URSSI is part of the Transport Sector Working Group which deliberates on issues affecting the sector and also avails essential information to Parliament and the general public to help counter corruption and abuse in the road construction industry. The activities of the organization are geared towards restructuring urban transformation and planning practices in developing countries.

Over the years, URSSI has advocated for Uganda to: join the Construction Sector Transparency Initiative (CoST) ; adopt and implement the Open Contracting Data Standard (OCDS) and; drive the process of making citizens Road Monitoring Tool. URSSI is also the founding member and current host of the Civil Society Coalition on Transport in Uganda (CISCOT) , a coalition of 25 member organizations, whose aim is to contribute to an efficient, effective and safe transport system.

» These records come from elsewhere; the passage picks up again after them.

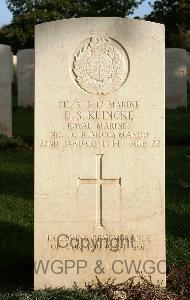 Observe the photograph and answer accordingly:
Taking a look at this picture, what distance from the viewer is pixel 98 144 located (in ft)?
→ 15.0

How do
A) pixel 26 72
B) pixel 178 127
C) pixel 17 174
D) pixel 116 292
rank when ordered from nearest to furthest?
1. pixel 116 292
2. pixel 17 174
3. pixel 178 127
4. pixel 26 72

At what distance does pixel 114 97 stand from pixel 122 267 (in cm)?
118

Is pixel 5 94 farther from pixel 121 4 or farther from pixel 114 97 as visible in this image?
pixel 121 4

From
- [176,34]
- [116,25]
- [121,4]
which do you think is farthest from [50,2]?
[116,25]

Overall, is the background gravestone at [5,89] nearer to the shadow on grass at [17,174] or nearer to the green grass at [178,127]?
the shadow on grass at [17,174]

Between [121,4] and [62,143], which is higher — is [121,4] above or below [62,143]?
above

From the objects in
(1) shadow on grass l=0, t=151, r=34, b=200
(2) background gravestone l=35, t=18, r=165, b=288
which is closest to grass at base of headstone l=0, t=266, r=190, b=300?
(2) background gravestone l=35, t=18, r=165, b=288

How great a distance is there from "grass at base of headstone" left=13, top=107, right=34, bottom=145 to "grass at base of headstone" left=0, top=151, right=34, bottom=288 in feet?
7.96

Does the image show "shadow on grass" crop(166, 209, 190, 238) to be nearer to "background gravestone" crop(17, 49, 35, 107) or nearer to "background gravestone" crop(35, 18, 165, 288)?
"background gravestone" crop(35, 18, 165, 288)

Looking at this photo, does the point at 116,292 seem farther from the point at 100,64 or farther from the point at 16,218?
the point at 16,218

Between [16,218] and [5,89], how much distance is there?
5.76 meters

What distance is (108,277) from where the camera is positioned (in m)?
4.62

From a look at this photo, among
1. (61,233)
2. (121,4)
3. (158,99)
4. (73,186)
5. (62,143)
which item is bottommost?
(61,233)

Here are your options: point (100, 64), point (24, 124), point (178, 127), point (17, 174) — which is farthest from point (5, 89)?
point (100, 64) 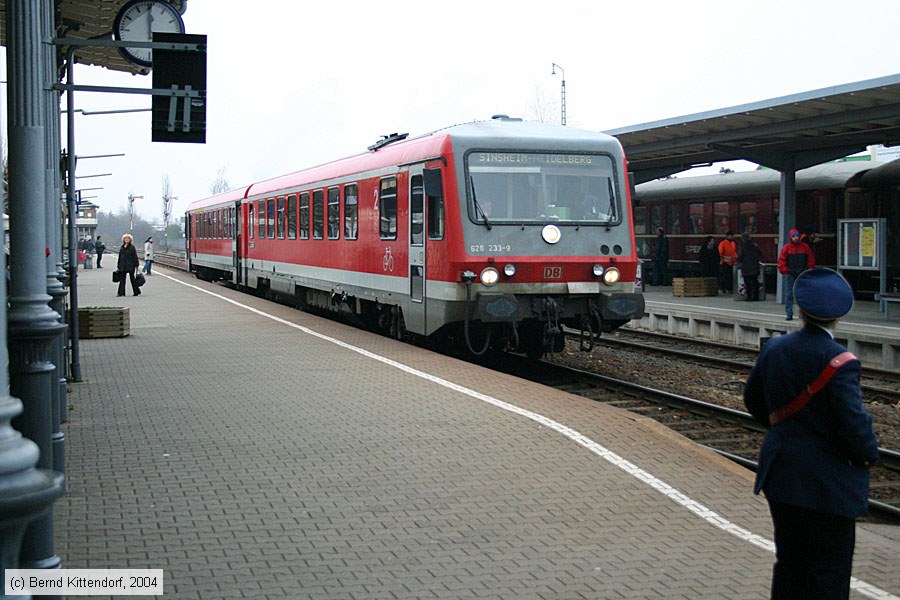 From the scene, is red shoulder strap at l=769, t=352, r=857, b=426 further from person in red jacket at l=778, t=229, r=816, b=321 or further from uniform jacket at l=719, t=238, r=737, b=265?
uniform jacket at l=719, t=238, r=737, b=265

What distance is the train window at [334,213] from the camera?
19.3 metres

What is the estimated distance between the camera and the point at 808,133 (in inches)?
797

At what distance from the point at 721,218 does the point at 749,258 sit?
17.1ft

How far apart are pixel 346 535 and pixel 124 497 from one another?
1754 mm

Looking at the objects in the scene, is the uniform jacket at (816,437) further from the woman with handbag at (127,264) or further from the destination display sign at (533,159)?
the woman with handbag at (127,264)

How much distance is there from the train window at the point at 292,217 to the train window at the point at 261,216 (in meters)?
3.61

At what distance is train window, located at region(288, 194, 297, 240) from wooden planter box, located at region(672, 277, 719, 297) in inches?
393

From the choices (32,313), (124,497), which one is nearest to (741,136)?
(124,497)

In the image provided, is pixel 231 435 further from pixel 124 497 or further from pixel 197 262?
pixel 197 262

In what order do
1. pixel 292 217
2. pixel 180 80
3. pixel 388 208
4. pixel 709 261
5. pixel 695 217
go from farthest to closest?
pixel 695 217 < pixel 709 261 < pixel 292 217 < pixel 388 208 < pixel 180 80

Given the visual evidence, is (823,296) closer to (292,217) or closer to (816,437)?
(816,437)

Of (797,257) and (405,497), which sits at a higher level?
(797,257)

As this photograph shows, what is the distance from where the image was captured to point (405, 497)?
7.10 meters

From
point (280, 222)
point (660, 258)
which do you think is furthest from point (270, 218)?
point (660, 258) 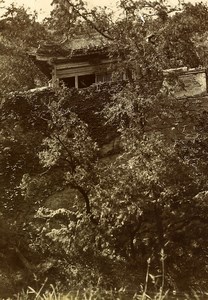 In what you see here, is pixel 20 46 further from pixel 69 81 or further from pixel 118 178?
pixel 118 178

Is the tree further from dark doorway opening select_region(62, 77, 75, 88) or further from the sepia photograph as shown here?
the sepia photograph

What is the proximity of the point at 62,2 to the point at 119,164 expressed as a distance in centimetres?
477

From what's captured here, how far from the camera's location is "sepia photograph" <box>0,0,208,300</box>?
9.41 metres

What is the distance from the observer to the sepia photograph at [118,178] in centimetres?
941

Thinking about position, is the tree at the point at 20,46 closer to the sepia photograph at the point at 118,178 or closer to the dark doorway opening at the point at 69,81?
the dark doorway opening at the point at 69,81

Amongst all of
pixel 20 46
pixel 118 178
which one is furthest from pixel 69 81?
pixel 118 178

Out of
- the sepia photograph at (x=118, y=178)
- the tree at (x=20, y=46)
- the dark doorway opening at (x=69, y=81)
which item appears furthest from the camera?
the tree at (x=20, y=46)

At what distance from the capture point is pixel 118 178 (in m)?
9.60

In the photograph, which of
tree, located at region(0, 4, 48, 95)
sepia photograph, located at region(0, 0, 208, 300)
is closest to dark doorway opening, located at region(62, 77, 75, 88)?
tree, located at region(0, 4, 48, 95)

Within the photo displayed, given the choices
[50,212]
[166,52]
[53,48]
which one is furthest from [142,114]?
[53,48]

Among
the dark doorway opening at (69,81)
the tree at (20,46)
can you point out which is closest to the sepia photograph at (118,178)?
the dark doorway opening at (69,81)

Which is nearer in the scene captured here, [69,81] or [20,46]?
[69,81]

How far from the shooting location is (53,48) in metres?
18.0

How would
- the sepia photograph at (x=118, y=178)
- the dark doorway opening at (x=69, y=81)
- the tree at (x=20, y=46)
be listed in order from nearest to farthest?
the sepia photograph at (x=118, y=178)
the dark doorway opening at (x=69, y=81)
the tree at (x=20, y=46) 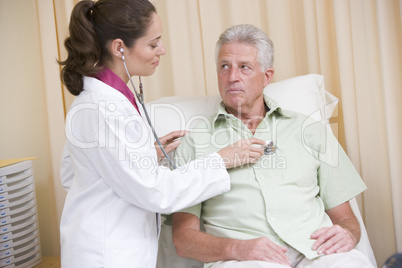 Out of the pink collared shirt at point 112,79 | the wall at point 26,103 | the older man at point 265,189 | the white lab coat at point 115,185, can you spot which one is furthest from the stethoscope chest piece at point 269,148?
the wall at point 26,103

==Funding and sponsorship==
URSSI receives financial and other support from civil society and corporate organizations, including the following:

1. The World Bank
2. United Nations Office on Drugs and Crime (UNODC)
3. The UNCAC Coalition
4. CrossRoads , a four-year programme working to improve Uganda's road network and industry.
5. The Ministry of Works and Transport
6. The Uganda National Roads Authority (UNRA)
7. Uganda Road Fund
8. Kampala Capital City Authority (KCCA)

==Key programmes & events==
URSSI has in the recent past been involved in running the following programmes:

- In 2011, URSSI carried out a nationwide campaign under the Strengthening Community Awareness and Participation in Road Sector Legislation programme to appeal to Ugandan citizens to respect Road reserves by ensuring that buildings conform to the Road Act and the Access to Roads Act.
- Every December, URSSI coordinates the Annual Road Safety Walk to appeal to the general public to ensure safety on the road during the festive season, the period when road accidents are at their maximum in Uganda.
- In 2014, URSSI developed a Road Monitoring Tool with assistance from The World Bank to guide civil society and Ugandan citizens in: observing the implementation of road works; comparing plans and standards with actual accomplishments; checking particular aspects of specific projects and; recommending remedial actions where necessary.